◆ **Given records**
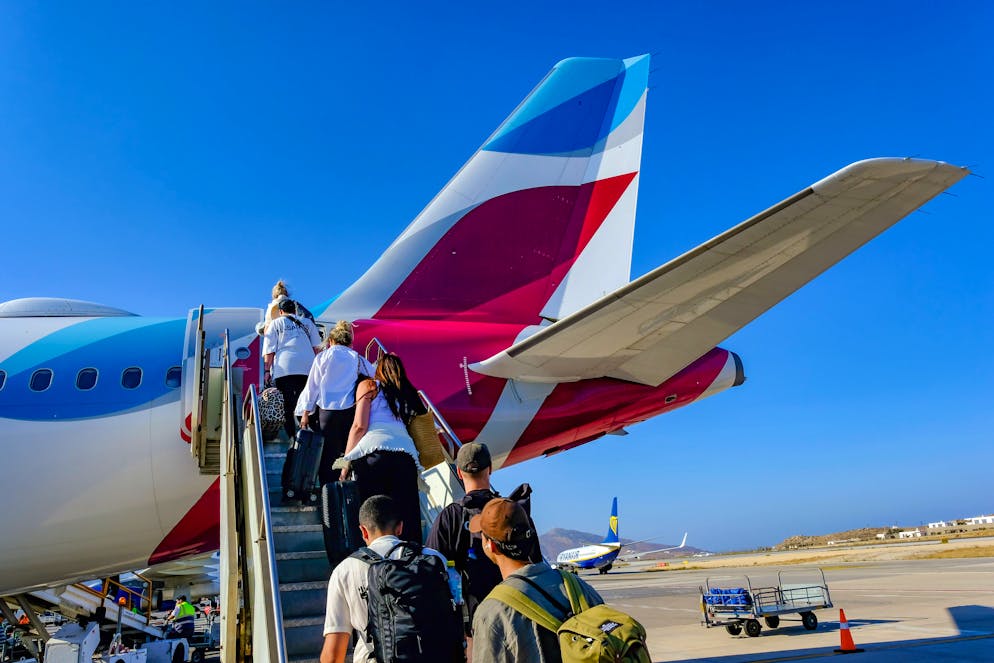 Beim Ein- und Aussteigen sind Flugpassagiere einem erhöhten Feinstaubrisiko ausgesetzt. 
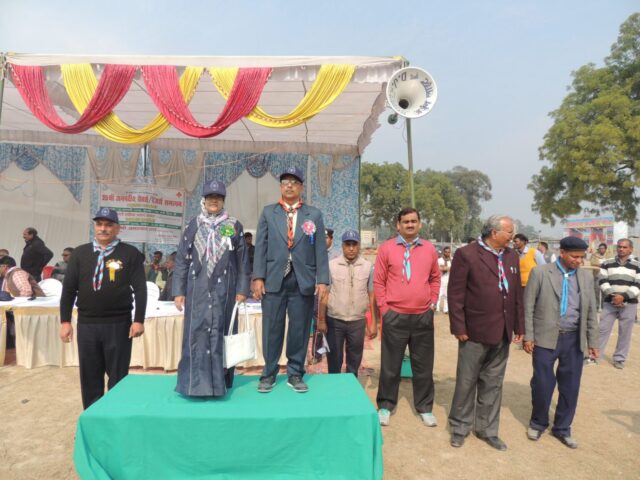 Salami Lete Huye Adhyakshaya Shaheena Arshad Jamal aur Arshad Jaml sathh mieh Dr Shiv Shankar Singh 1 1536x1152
--
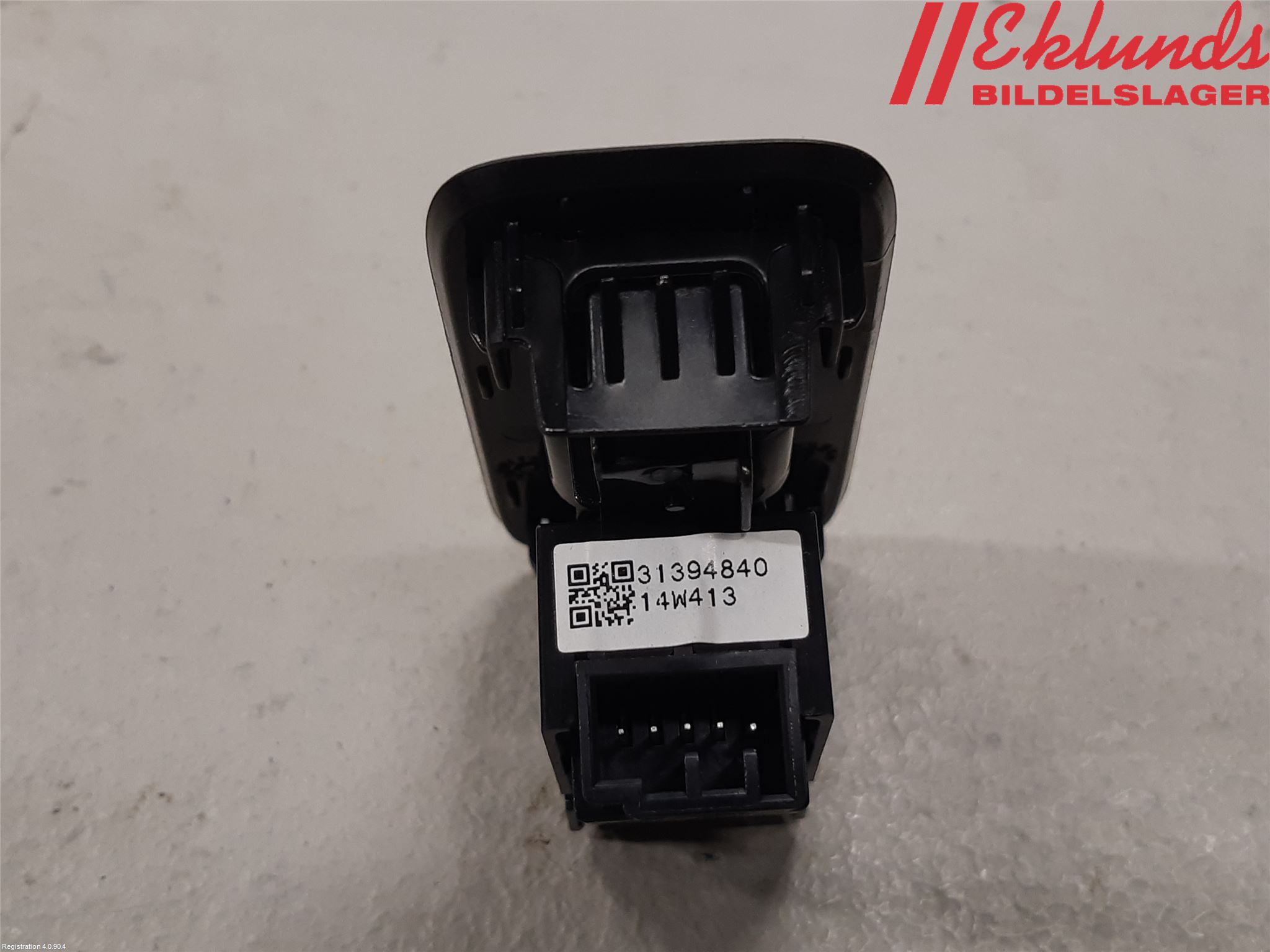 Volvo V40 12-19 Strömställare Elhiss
==
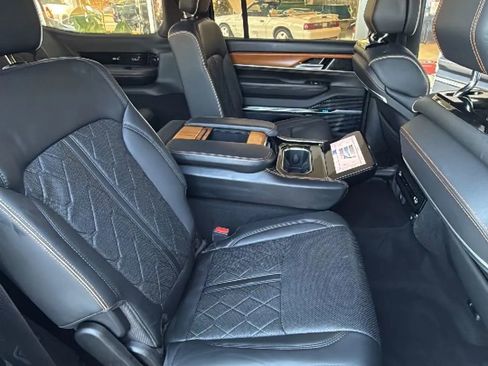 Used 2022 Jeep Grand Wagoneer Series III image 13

◆ **Task goal**
With the pictures omitted, restate word for word the lines above from the line that has "Beim Ein- und" up to and including the line that has "Salami Lete Huye", and no other lines.

◆ **Answer to the problem**
 Beim Ein- und Aussteigen sind Flugpassagiere einem erhöhten Feinstaubrisiko ausgesetzt. 
 Salami Lete Huye Adhyakshaya Shaheena Arshad Jamal aur Arshad Jaml sathh mieh Dr Shiv Shankar Singh 1 1536x1152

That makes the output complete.